Illustration de Galileo. Wikimedia Commons/Pouyana

La sortie du Royaume-Uni de l'Union européenne aura bien lieu, que ce soit le 29 mars 2019, ou plus tard si le Royaume-Uni demandait effectivement à prolonger la période de négociations sur le Brexit.

Mais le divorce sur le plan spatial entre les deux parties semble lui déjà entamé: le Financial Times a rapporté, ce mardi 24 avril 2018, que la Commission européenne a commencé à exclure le gouvernement britannique et les entreprises du pays des futurs travaux les plus sensibles concernant le système de GPS européen Galileo, opérationnel depuis décembre 2016, en prévision du Brexit. 

Le Royaume-Uni a contribué à hauteur de 1,4 milliard d'euros — sur un budget de plus de 10 milliards — au programme Galileo depuis 2003 et a effectué environ 15% du travail. A terme, l'objectif de cette constellation de satellites est de permettre à l'Europe de réduire sa dépendance au GPS américain. 

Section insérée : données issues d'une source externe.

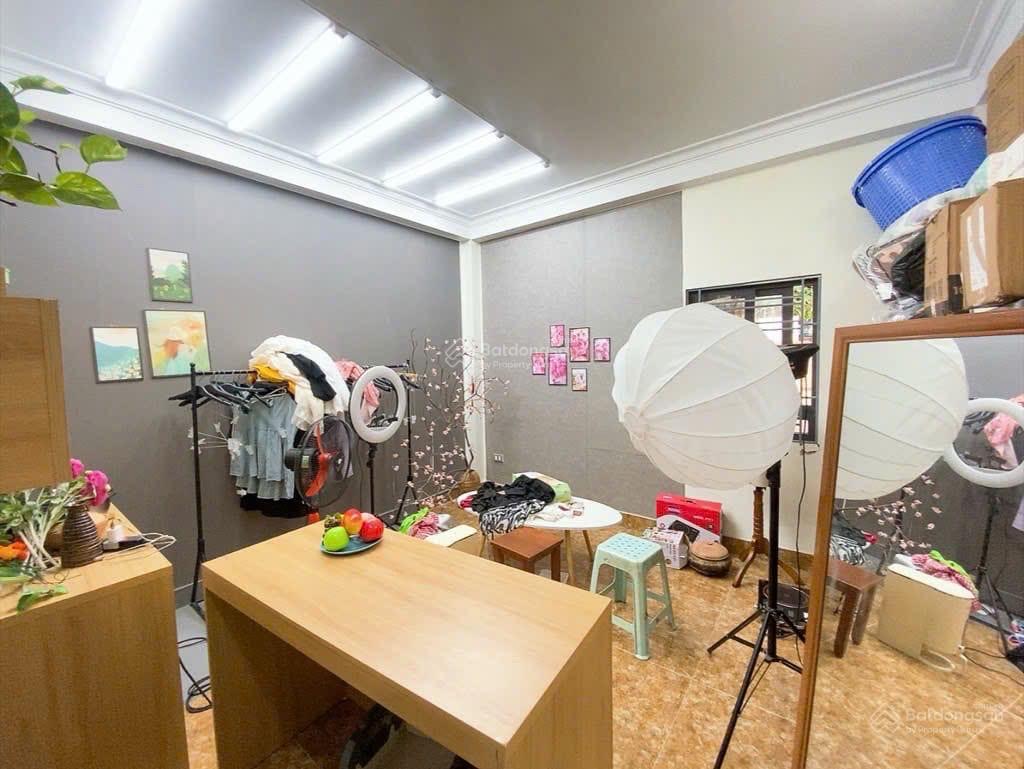 Bán nhà kđt mỗ lao gần đh hà nội  67m2 x 5t  hai mặt đường phân lô  kinh doanh  chỉ nhỉnh 16 tỷ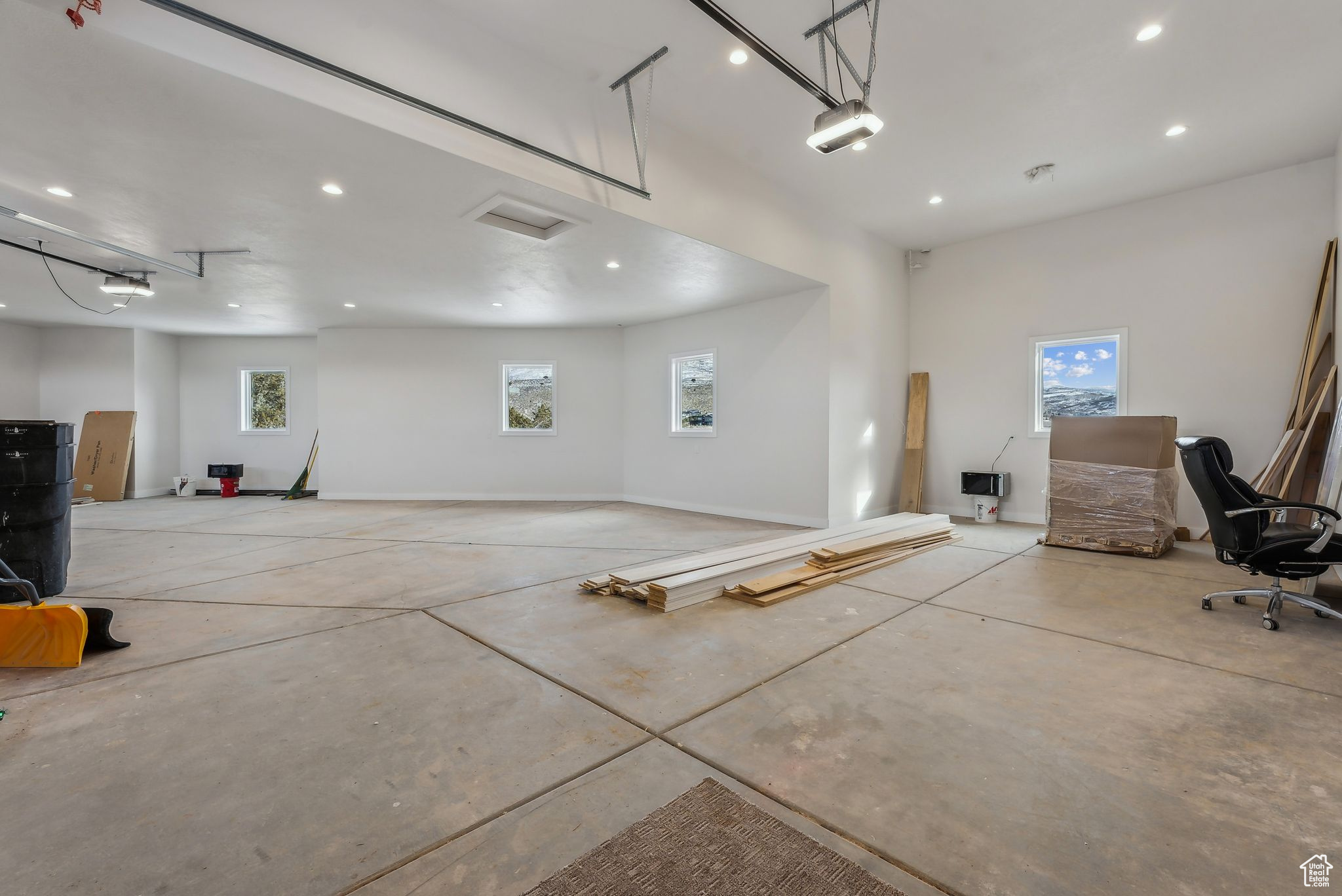 3097 E CORRAL PEAK CIRCLE #145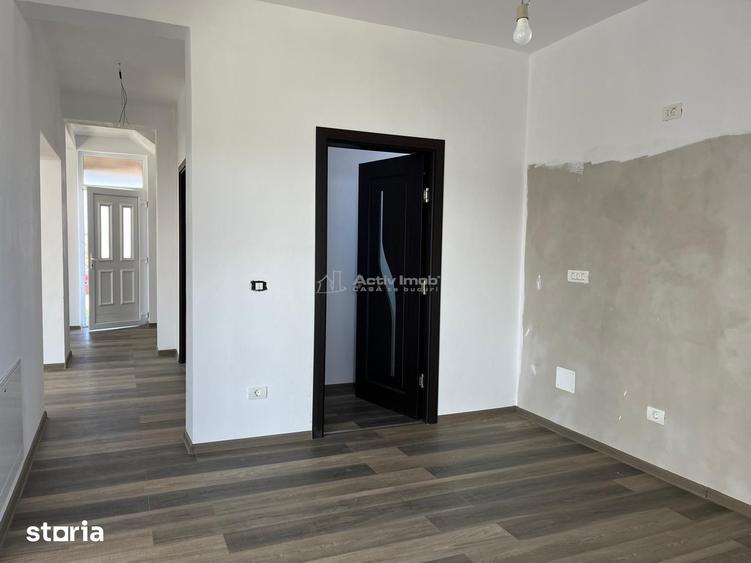 Casă cu 4 camere cu Teren 743 Mp în Știuca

Cette mise à l'écart, justifiée par l'UE pour des questions de sécurité, déplaît fortement au Royaume-Uni, qui semble prêt à riposter, de plusieurs façons, selon les informations du FT: 

  • il pourrait concevoir son propre système de navigation par satellite, qui serait alors un rival direct de l'Européen Galileo,
  • le ministre britannique des entreprises, Greg Clark, a demandé des conseils juridiques pour récupérer la somme de 1,4 milliard d'euros investis dans le programme Galileo depuis 2003, 
  • le Royaume-Uni se préparerait à bloquer une demande d'approvisionnement pour la prochaine salve de satellites Galileo, lors d'une réunion qui se tient à Berlin ce mercredi 25 avril. Cette demande doit être approuvée à l'unanimité par les Etats membres de l'ESA, 
  • et l'UE craint également que le Royaume-Uni refuse que des stations situées au sol sur les îles Falkland et l'île de l'Ascension — appartenant toutes au Royaume-Uni — soient utilisées pour Galileo. 

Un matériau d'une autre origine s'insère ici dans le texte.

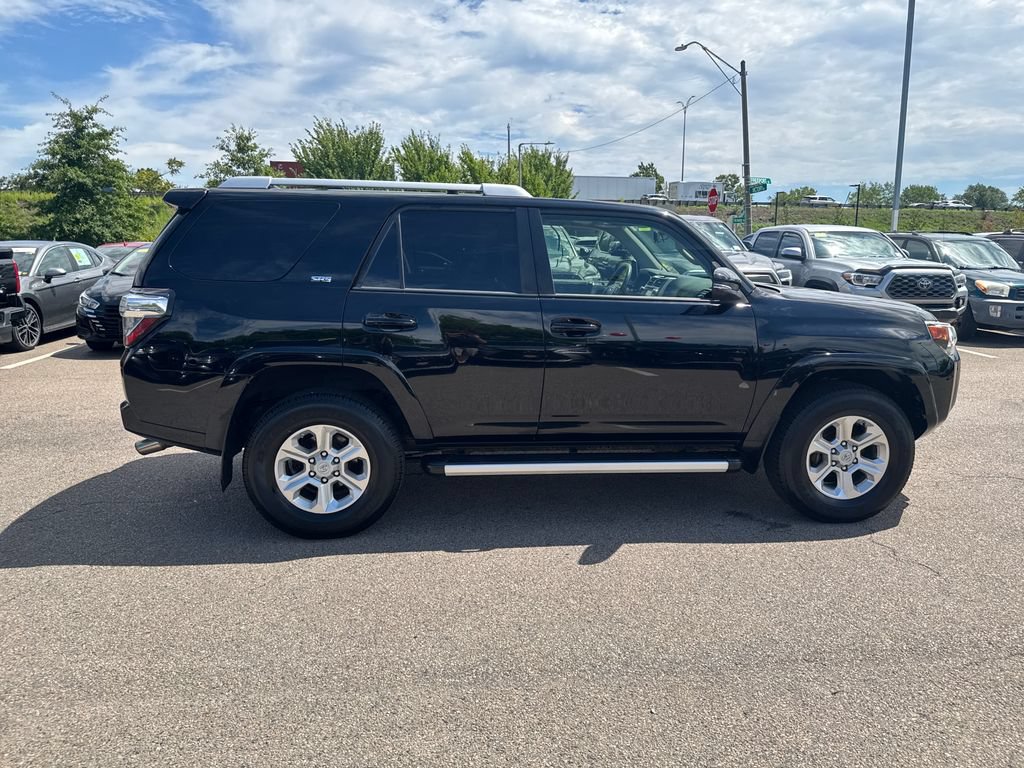 Used 2017 Toyota 4Runner SR5 Premium AWD/4WD image 10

Greg Clark, ministre britannique des entreprises. REUTERS/Simon Dawson

Dans un communiqué diffusé par email, le ministre britannique des entreprises, Greg Clark, a ainsi déclaré: 

"Nous avons clairement fait savoir que nous n'accepterons pas la position de la Commission sur Galileo, qui pourrait nuire sérieusement à une collaboration mutuellement bénéfique en matière de sécurité et de défense", ajoutant que le programme Galileo — dont l'idée a émergé en 1999 mais qui a été opérationnel seulement 17 années plus tard — pourrait prendre des années de retard et des coûts supplémentaires qui s'élèveraient à "plusieurs milliards". 

Une exclusion totale du programme Galileo ne serait pas une bonne nouvelle pour l'économie du pays: le secteur spatial connaît un rythme de croissance quatre fois plus élevé que le reste de l'économie britannique. 

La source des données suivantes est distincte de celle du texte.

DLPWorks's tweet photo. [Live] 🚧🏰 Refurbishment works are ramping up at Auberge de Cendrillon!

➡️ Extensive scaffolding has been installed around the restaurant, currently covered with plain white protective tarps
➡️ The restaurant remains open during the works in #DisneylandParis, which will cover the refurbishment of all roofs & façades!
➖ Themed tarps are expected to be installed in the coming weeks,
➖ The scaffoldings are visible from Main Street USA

Michel Barnier, le négociateur en chef de l'UE pour le Brexit, avait prévenu que le projet Galileo avait besoin d'être préparé pour le Brexit, soulignant que même si l'UE refusait que des entreprises britanniques soient impliquées dans les travaux les plus sensibles du programme, l'utilisation par le Royaume-Uni de la partie cryptée au plus haut niveau du système Galileo pouvait être un sujet de négociations. 

Le Français avait alors affirmé: 

"L'UE ne peut partager des informations confidentielles qui relèvent de la sécurité avec des pays qui se trouvent en dehors de l'UE. Mais il existe différentes manières pour que Galileo puisse coopérer avec des pays tiers et ces options sont aussi ouvertes pour le Royaume-Uni."